### INFORMATION SUPPLIED
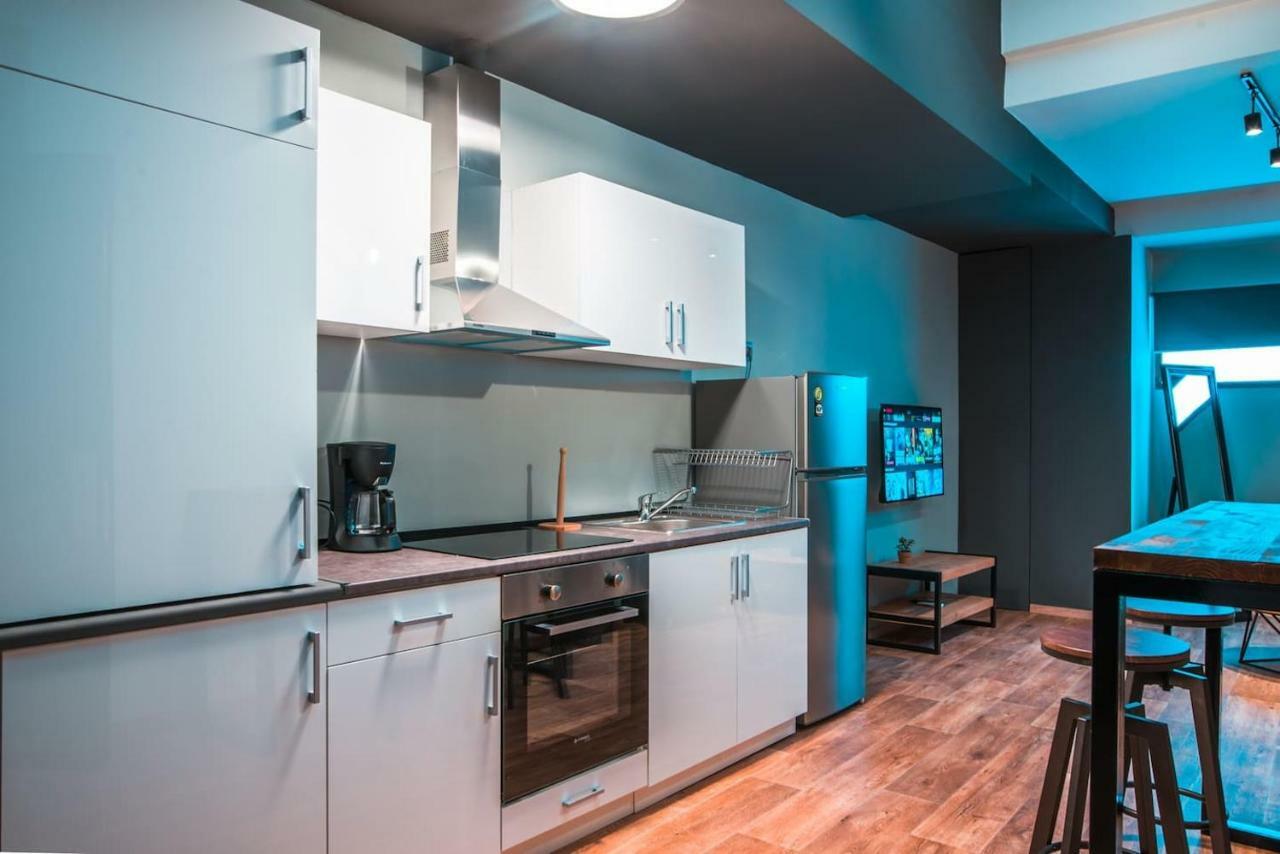 Noho Boutique , Premium Living Dikeou 8 Apartment Athena Bagian luar foto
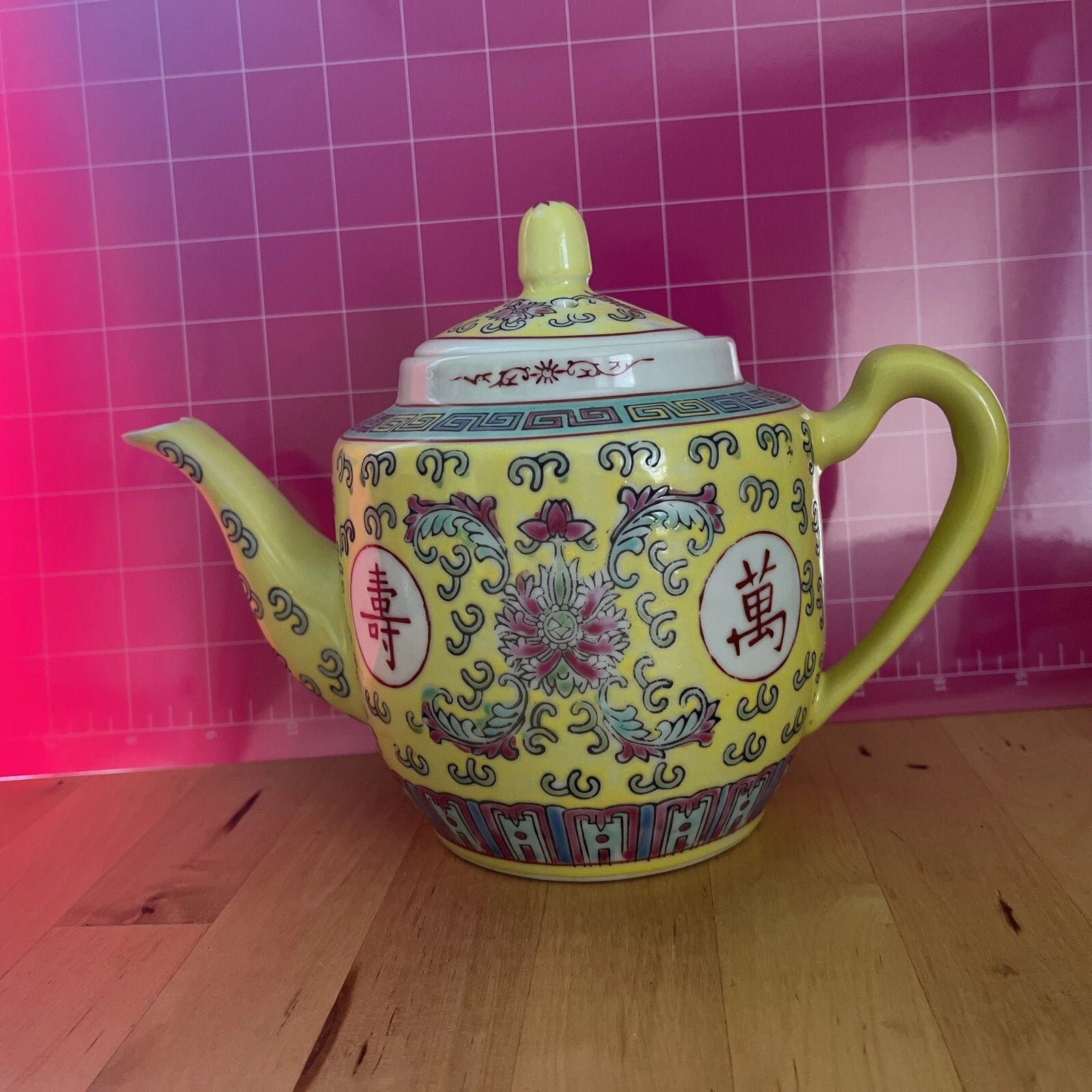 Vintage Famille Jaune  Enamel Porcelain Chinese Longevity MunShou Teapot w2 Cups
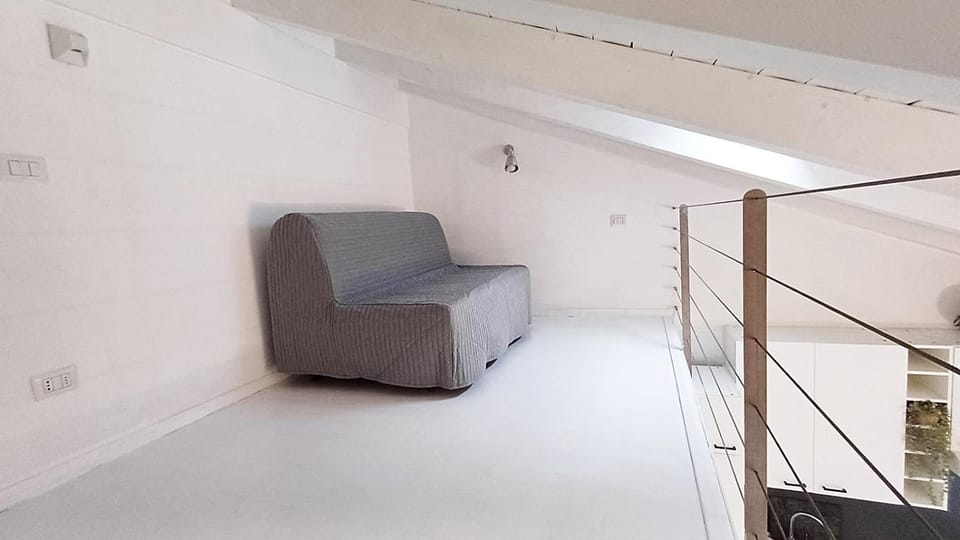 Roma 17 Apartment in Lombardy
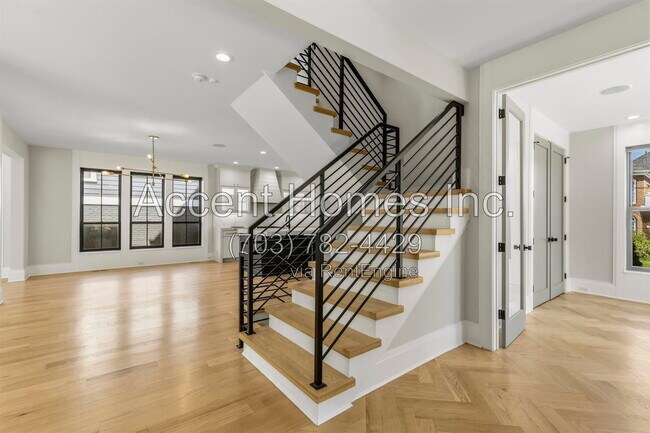 Photo - 1700 N Quebec St
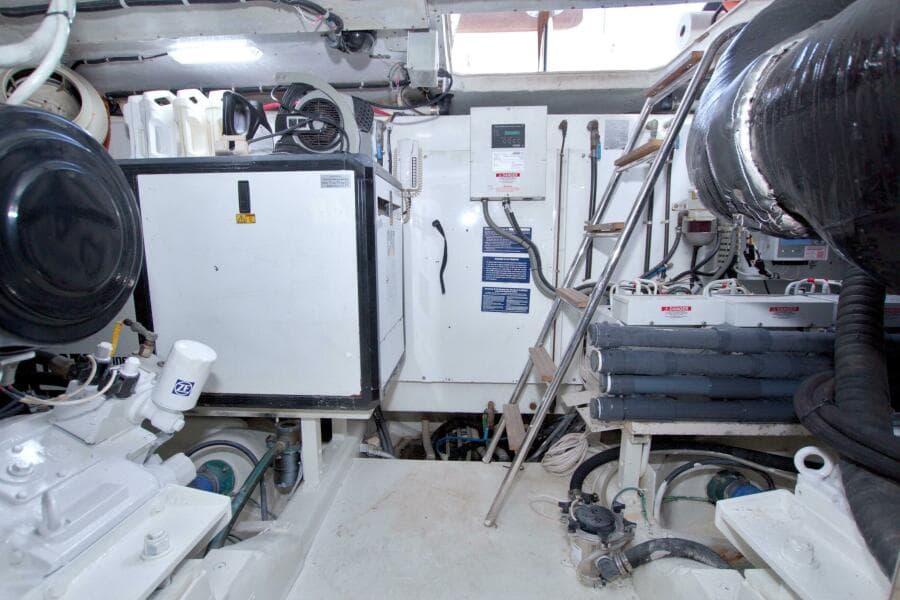 2005 Neptunus 62 Flybridge
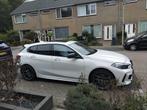 BMW 1-Serie 120i 178pk Aut 2021 Wit, Auto's, 730 kg, 74 €/maand, Zwart, 4 cilinders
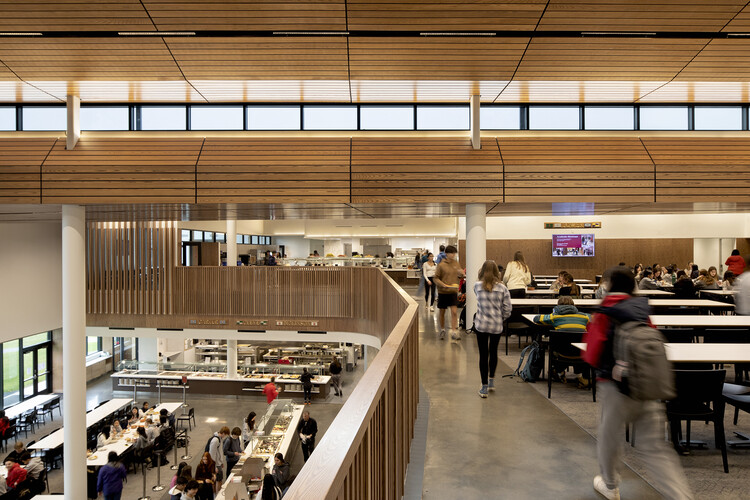 The Lawrenceville School Tsai Commons and Field House / Sasaki - Интерьерная фотография, Кухня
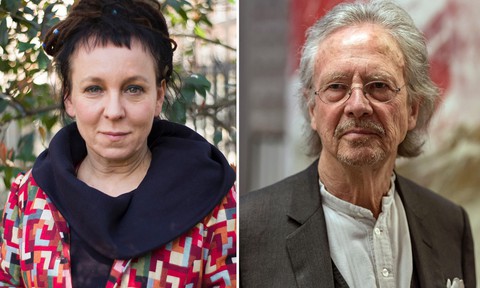 Peter Handke và Olga Tokarczuk, giữa mùa Nobel có hai kẻ lang thang khắp chốn - Ảnh 1. Peter Handke và Olga Tokarczuk, giữa mùa Nobel có hai kẻ lang thang khắp chốn - Ảnh 1.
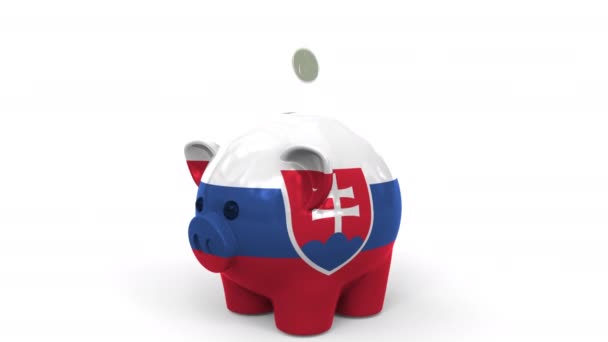 As moedas caem no banco piggy pintado com a bandeira da Eslováquia. Sistema bancário nacional ou animação conceitual 3D relacionada com poupança — Vídeo de Stock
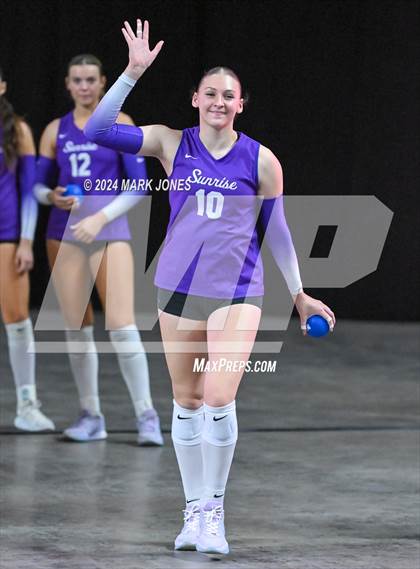 Thumbnail 1 in Sunrise Mountain vs. Horizon (AIA 5A Final) photogallery.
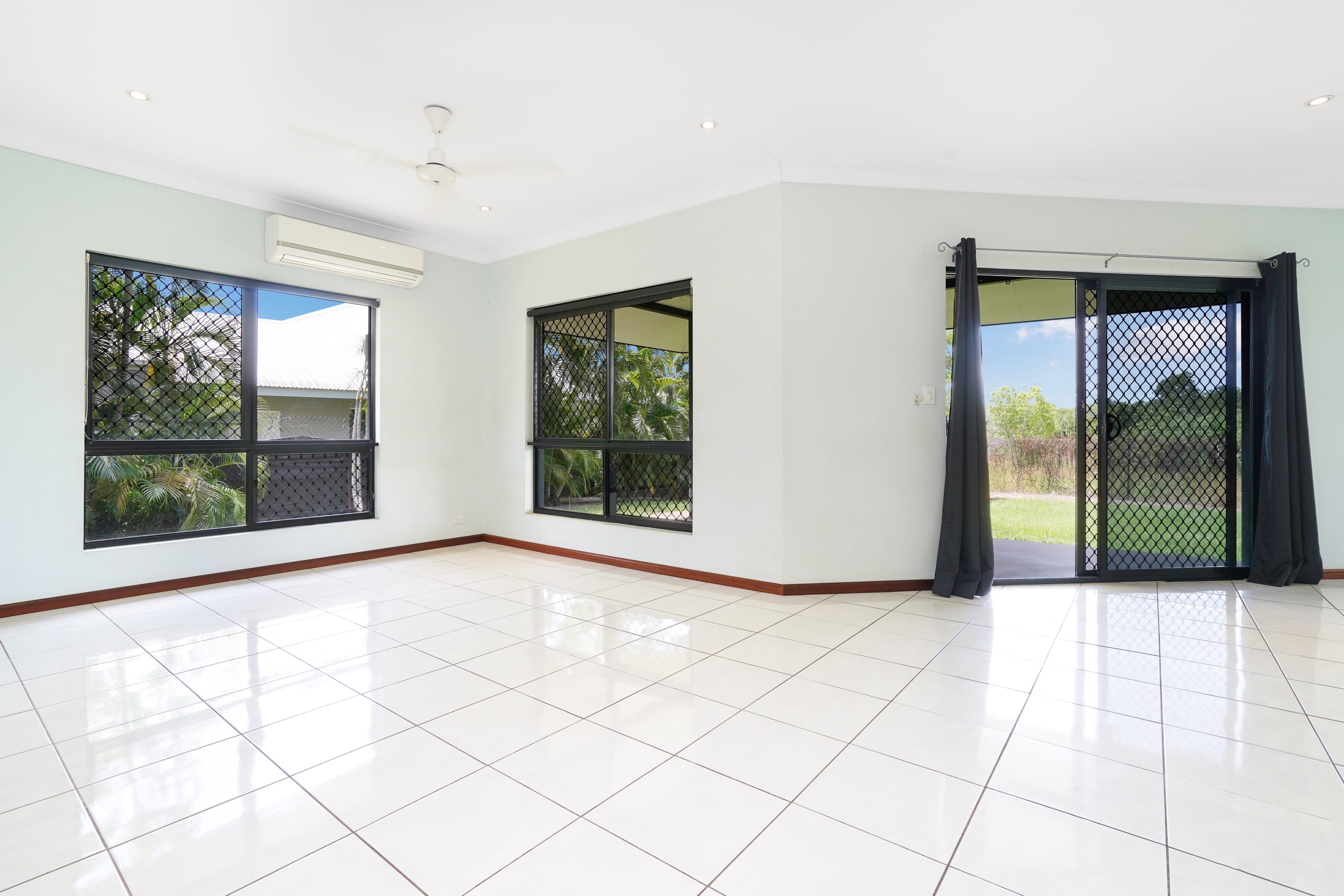 71 Inverway Circuit, Farrar, Farrar - Thumbnail 5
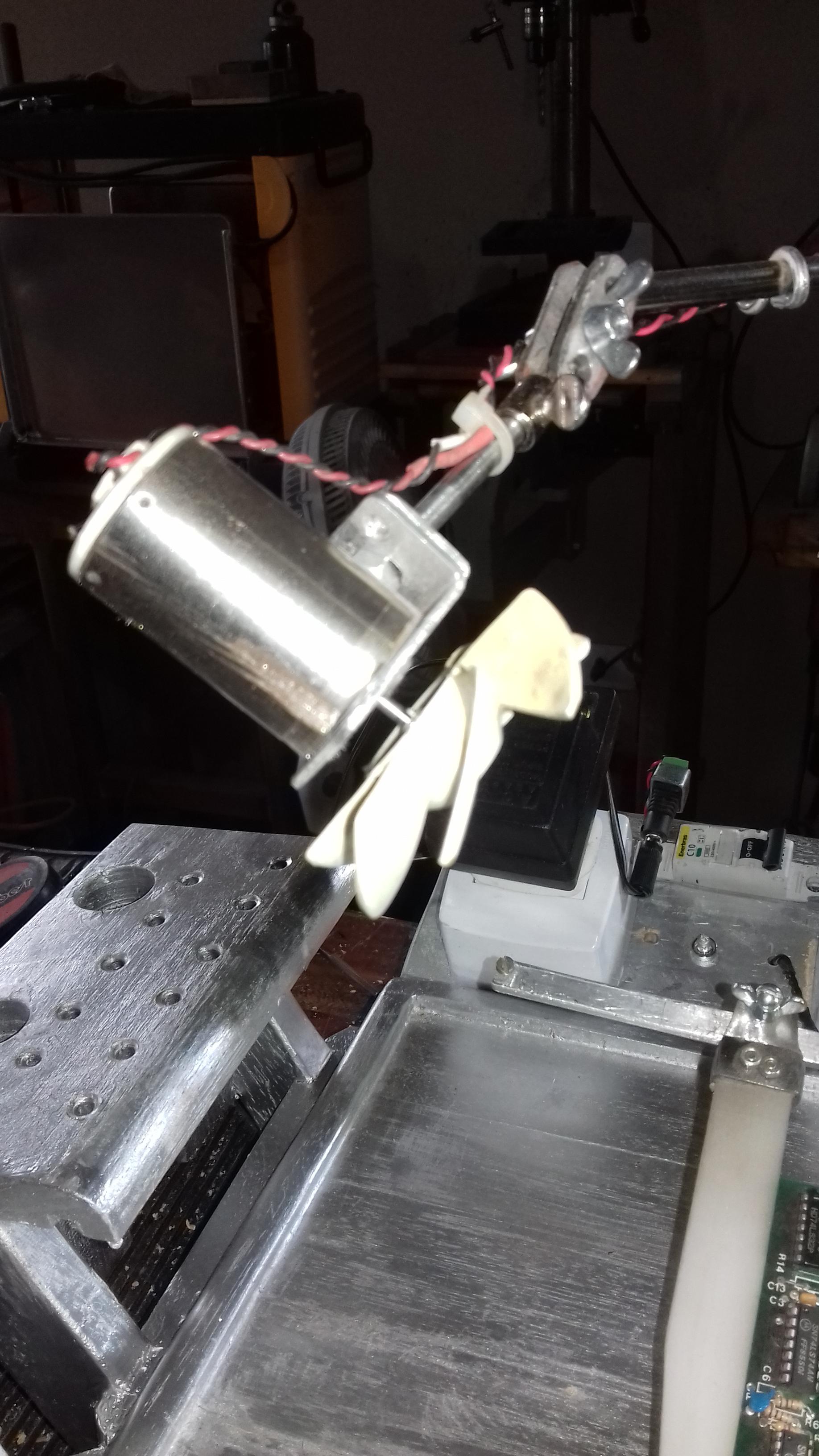 ventilador com cabo.jpg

### BRIEF
Set down, exactly as written above, each line from the one with "BMW 1-Serie 120i" through the one with "As moedas caem", and skip the pictures.

### TASK OUTPUT
 BMW 1-Serie 120i 178pk Aut 2021 Wit, Auto's, 730 kg, 74 €/maand, Zwart, 4 cilinders
 The Lawrenceville School Tsai Commons and Field House / Sasaki - Интерьерная фотография, Кухня
 Peter Handke và Olga Tokarczuk, giữa mùa Nobel có hai kẻ lang thang khắp chốn - Ảnh 1. Peter Handke và Olga Tokarczuk, giữa mùa Nobel có hai kẻ lang thang khắp chốn - Ảnh 1.
 As moedas caem no banco piggy pintado com a bandeira da Eslováquia. Sistema bancário nacional ou animação conceitual 3D relacionada com poupança — Vídeo de Stock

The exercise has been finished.